[Your objective]
Line by line, reproduce the material below exactly.

[Dataset content]

□ □ □ □ □

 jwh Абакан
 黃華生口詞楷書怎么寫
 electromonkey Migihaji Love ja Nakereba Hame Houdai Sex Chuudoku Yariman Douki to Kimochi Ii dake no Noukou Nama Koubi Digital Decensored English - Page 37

□ □ □ □ □

[Solution to the exercise]
 jwh Абакан
 黃華生口詞楷書怎么寫
 electromonkey Migihaji Love ja Nakereba Hame Houdai Sex Chuudoku Yariman Douki to Kimochi Ii dake no Noukou Nama Koubi Digital Decensored English - Page 37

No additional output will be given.